= TASK DIRECTIONS =
Please reproduce, exactly as given, the lines running from the start of the data to the line containing "Controlled Descent System", inclusive, and omit the pictures.

Brief descriptive captions
******************************

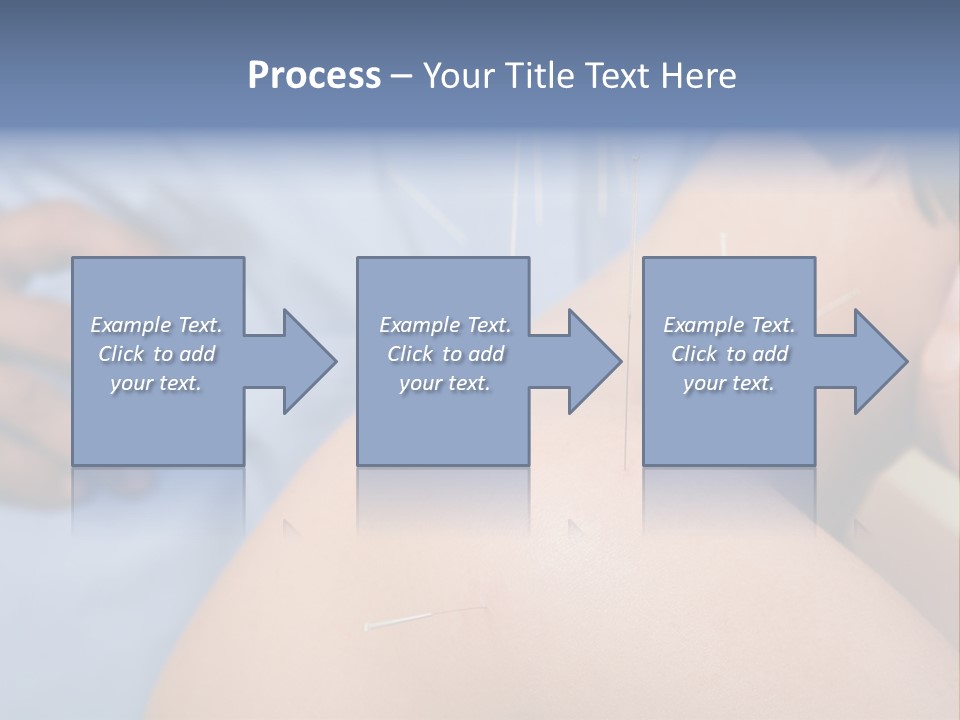 A Woman Getting Acupulations On Her Back With Needles PowerPoint Template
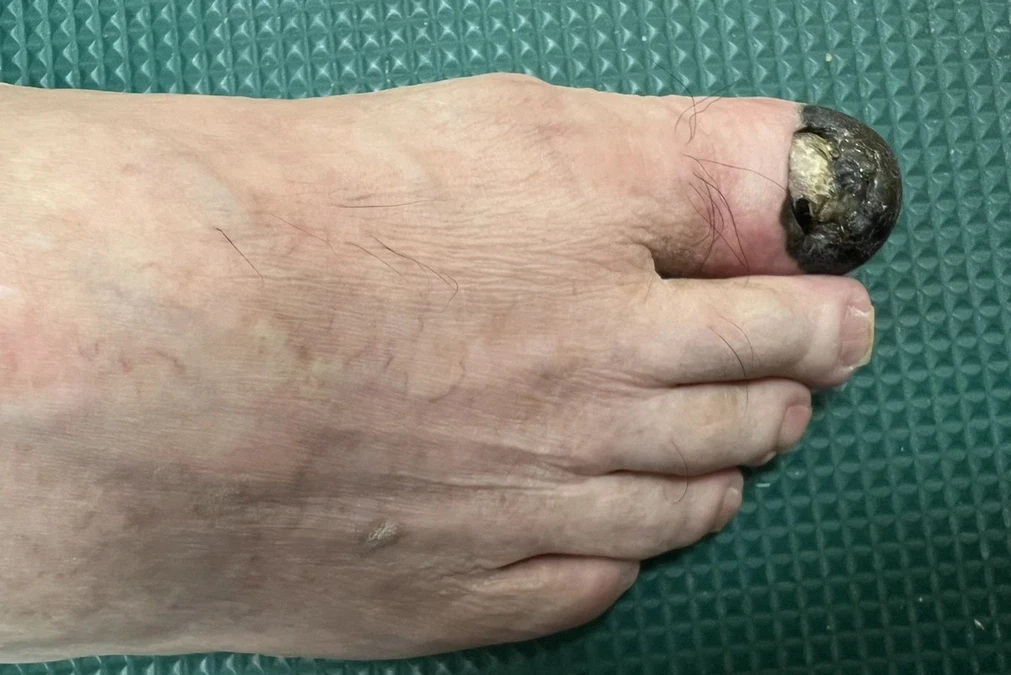 「肢端黑色素瘤」易被誤認瘀青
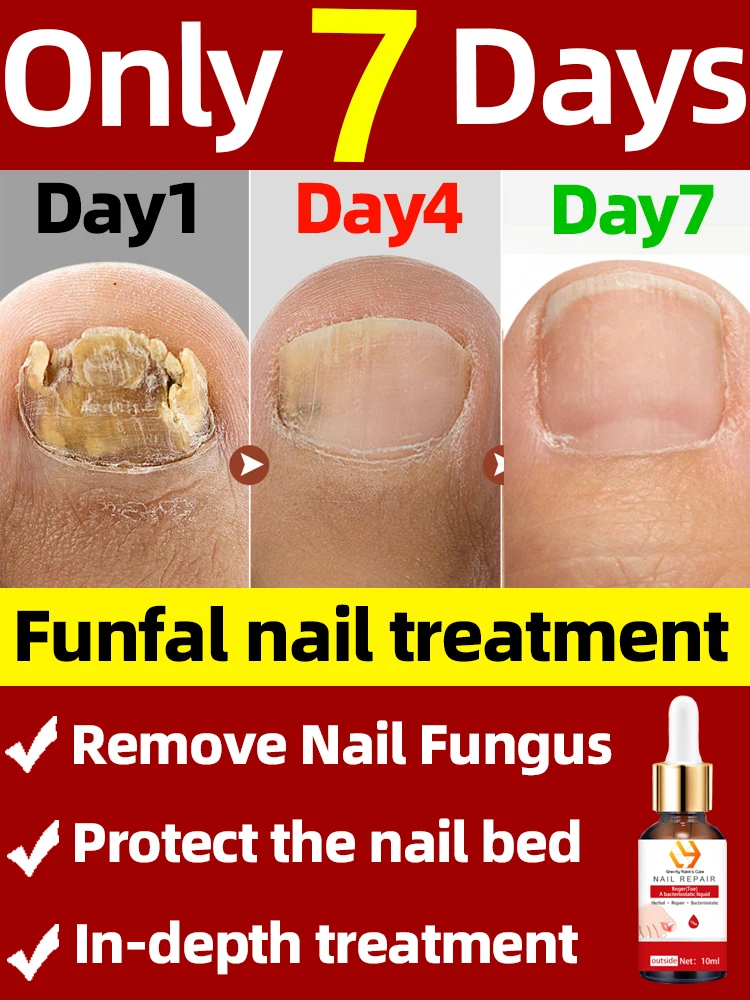 Elim-inate Fung-al Nai-ls Permanently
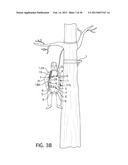 Controlled Descent System with an Increased Recovery Range diagram and image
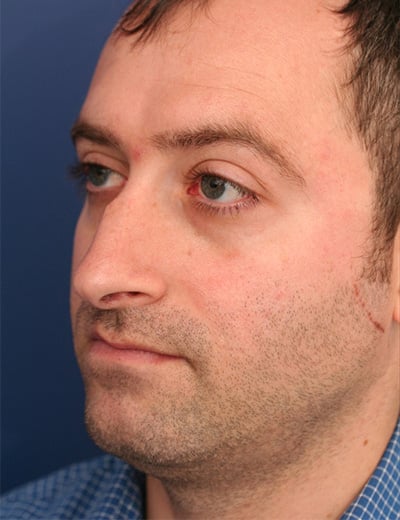 Before Image: Rhinoplasty - left-front-oblique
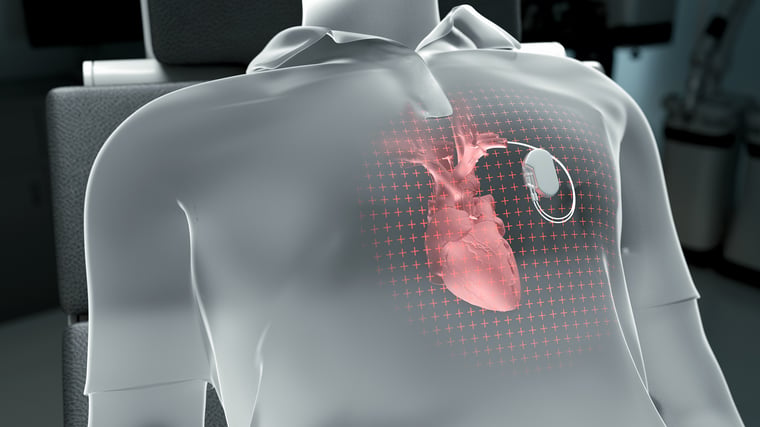 medical pace maker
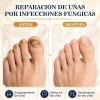Crema Para El Cuidado De Las Uñas,pomada Reparadora De Uñas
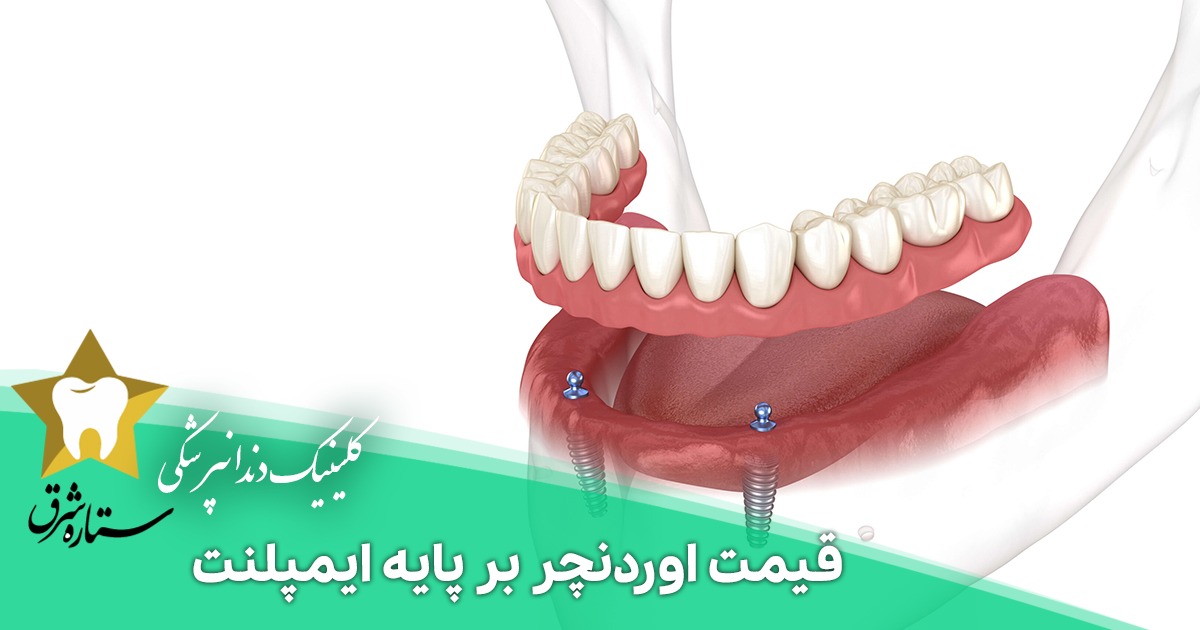 قیمت اوردنچر بر پایه ایمپلنت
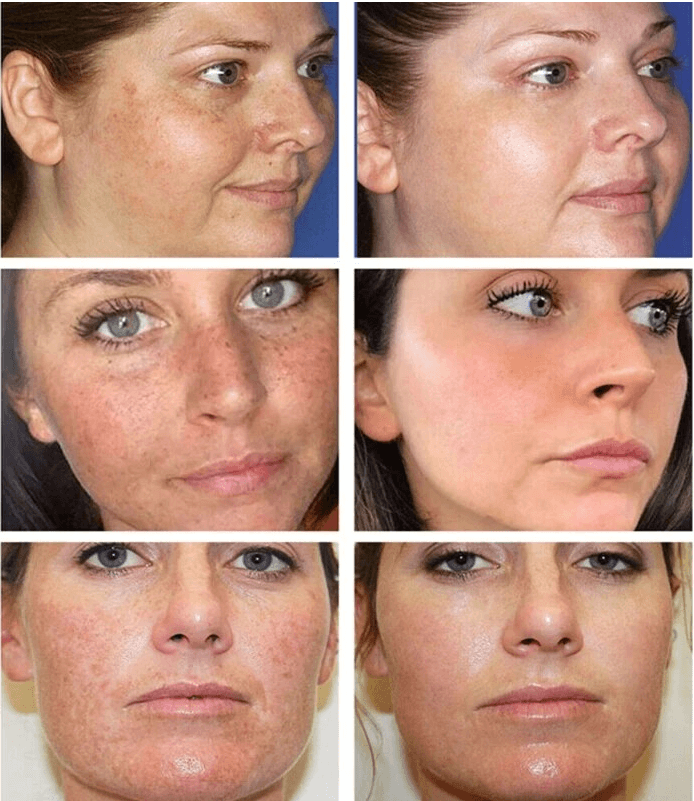 Dr.Hancy Whitening Freckle Cream  Face Moisturizing Face Skin Care 333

******************************

= TASK OUTPUT =
 A Woman Getting Acupulations On Her Back With Needles PowerPoint Template
 「肢端黑色素瘤」易被誤認瘀青
 Elim-inate Fung-al Nai-ls Permanently
 Controlled Descent System with an Increased Recovery Range diagram and image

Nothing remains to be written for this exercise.